30 The attention of the sentencing judge was called to the applicant's personal and family history. He had had an unfortunate life. His father was violent and an alcoholic. His brother was killed when they were both young. Like many such people, he took to the use of illegal drugs fairly early in his life.

31 It was submitted that it ought to be concluded that his Honour had failed to take into account the principles explained in Fernando and the other cases. That conclusion can be reached only by inference from the lengths of the sentences themselves, for his Honour took the trouble to refer to the submissions in the case and to state that he had taken the principles into account. Like all the other submissions, this one comes down to one that the very lengths of the sentences imposed demonstrate error.

32 One of the things that his Honour concluded was that there were prospects of rehabilitation. His Honour observed that it appeared to him that the applicant had reached the crossroads. His Honour may very well have taken the view that simply to impose another short sentence, as had been unsuccessfully done a number of times in the recent past in the Local Court, would go nowhere at all to ensuring that this applicant turned the corner at this crossroads.

33 His Honour took the view, and in my view was entitled to take the view, that a substantial period of time on parole was necessary in order to try and solve the problem and stop the applicant offending.

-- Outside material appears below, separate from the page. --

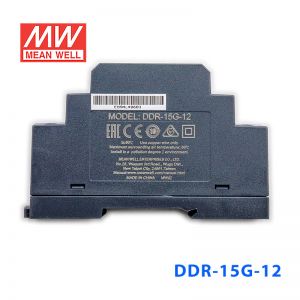 DDR-15G-12台湾明纬15W 9~36V输入 12V1.25A输出导轨型DC-DC电源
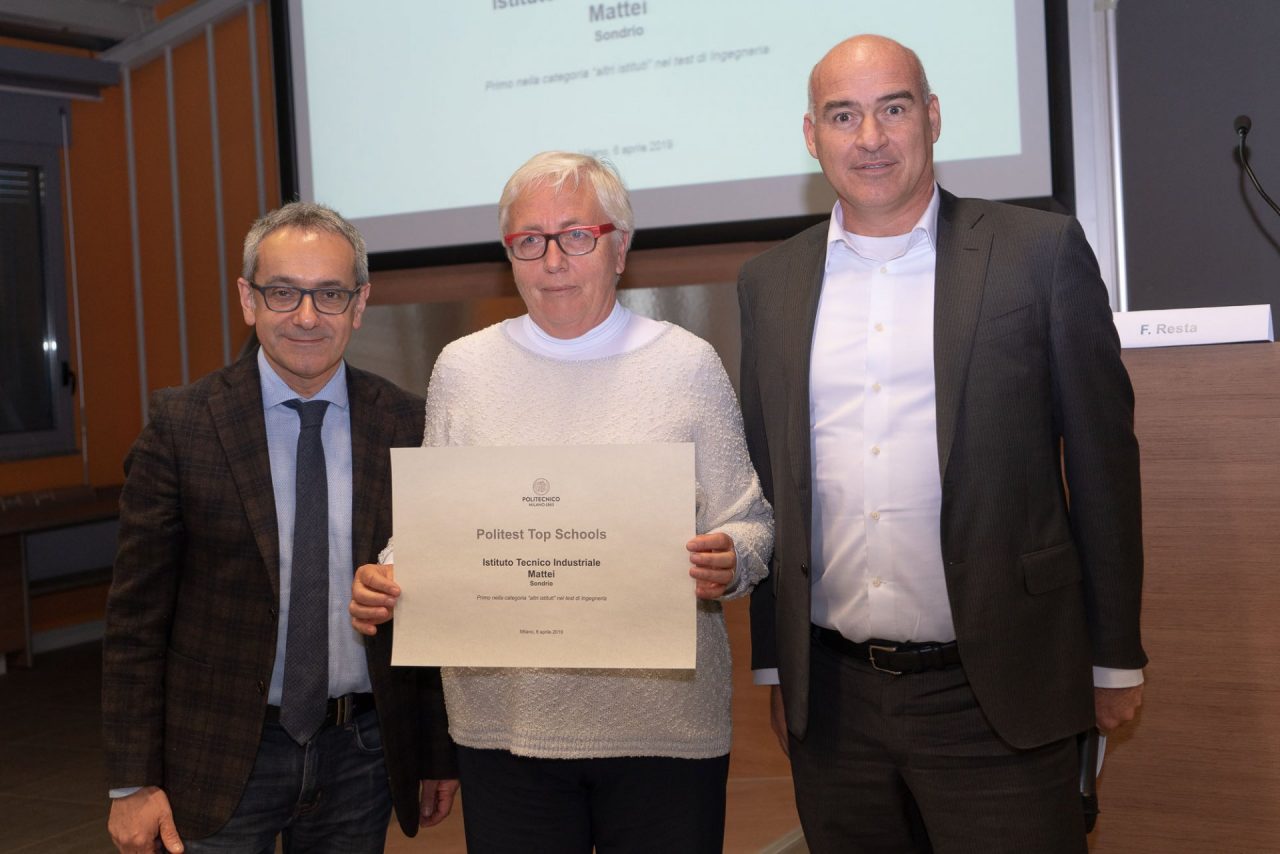 L’Itis Mattei premiato dal Politecnico di Milano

That could only be done, of course, if a substantial period of imprisonment was imposed. One can scarcely see how it would be possible with the sentences as short as 12 months.

34 Accordingly, it seems to me that there were sound reasons why his Honour should impose the sentences he imposed. It has not been demonstrated to my mind that they fell outside the proper range of his Honour's sentencing discretion.

35 I would grant leave to appeal but would dismiss the appeal.

36 KIRBY J: I agree with the order proposed and the reasons given.

37 BARR J: The orders of the court are as I have proposed.